Your objective
Every entry needs to be written out again exactly, with its pictures removed.

Short descriptive text snippets

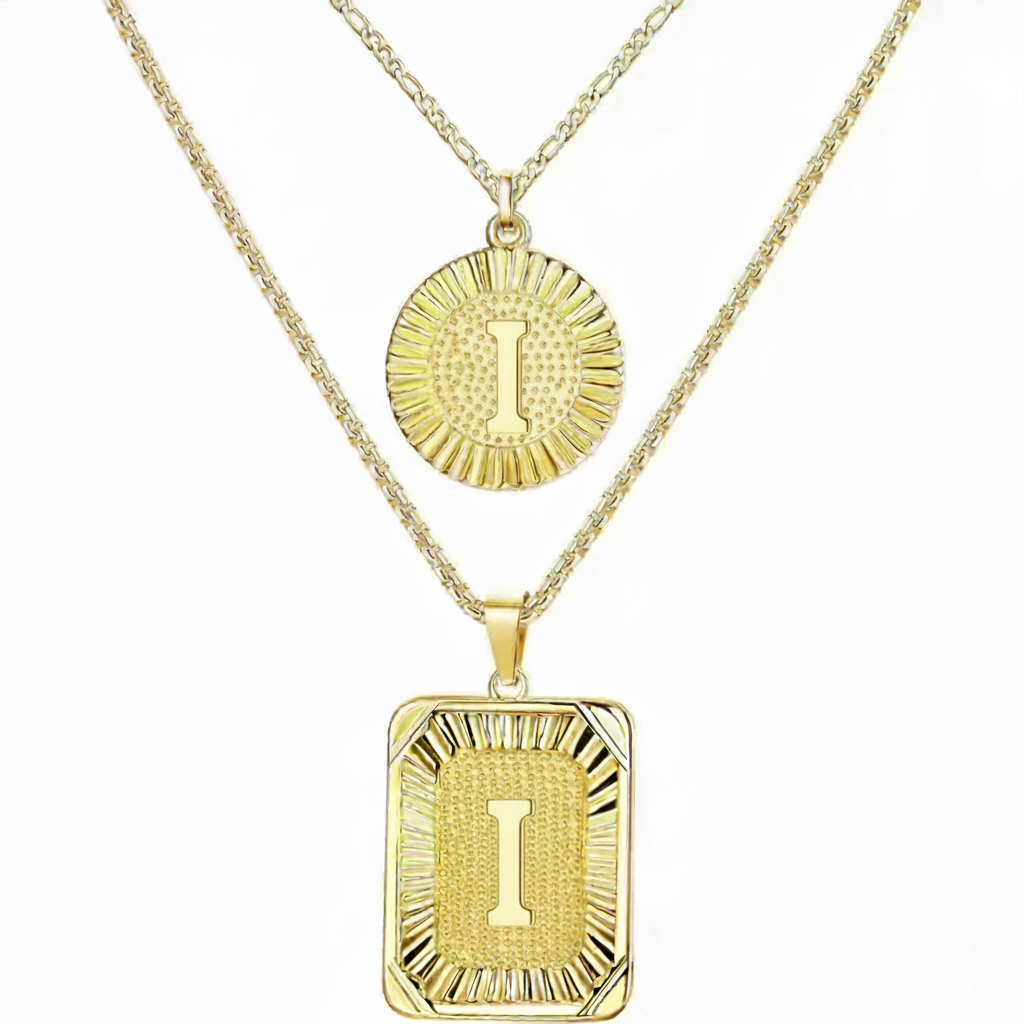 Conjunto de 2 Colares com Inicial 18K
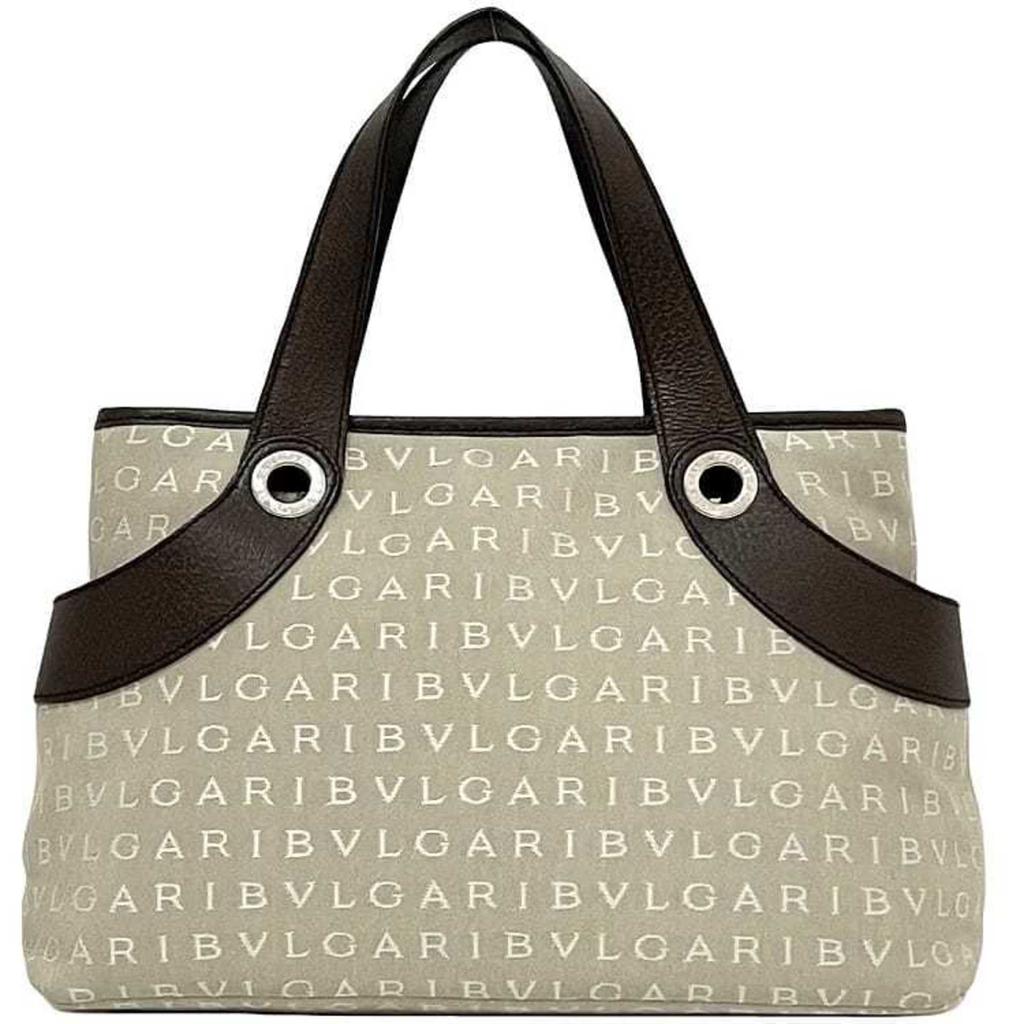 BVLGARI Canvas Leather Tote Bag (Pre-Owned)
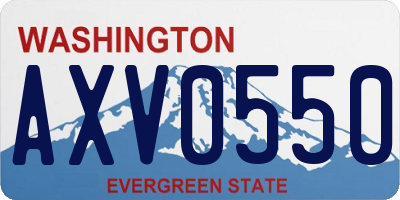 WA license plate AXV0550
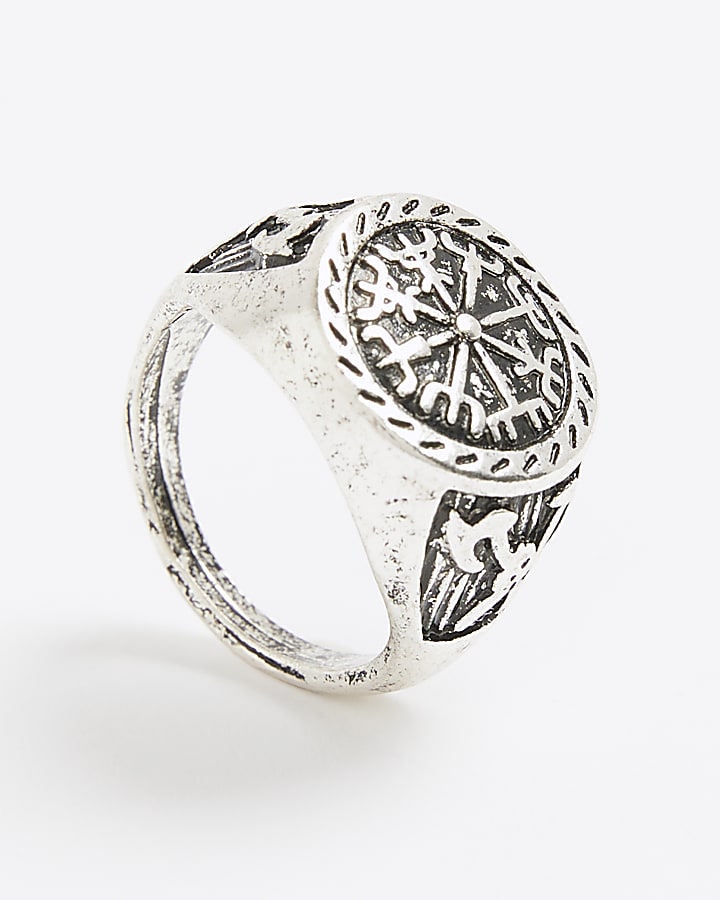 Silver Rhodium Compass Ring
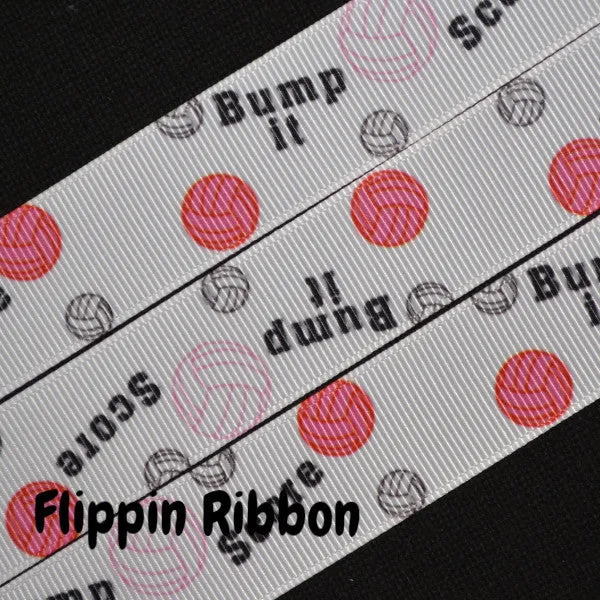 Bump It Volleyball Ribbon - 7/8 inch Printed Grosgrain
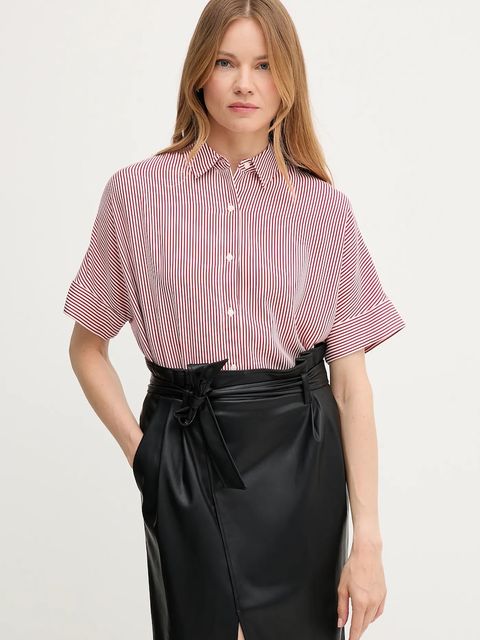 Tommy Hilfiger koszula damska kolor czerwony relaxed z kołnierzykiem klasycznym WW0WW45883 - zdjęcie produktu nr 1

Response
 Conjunto de 2 Colares com Inicial 18K
 BVLGARI Canvas Leather Tote Bag (Pre-Owned)
 WA license plate AXV0550
 Silver Rhodium Compass Ring
 Bump It Volleyball Ribbon - 7/8 inch Printed Grosgrain
 Tommy Hilfiger koszula damska kolor czerwony relaxed z kołnierzykiem klasycznym WW0WW45883 - zdjęcie produktu nr 1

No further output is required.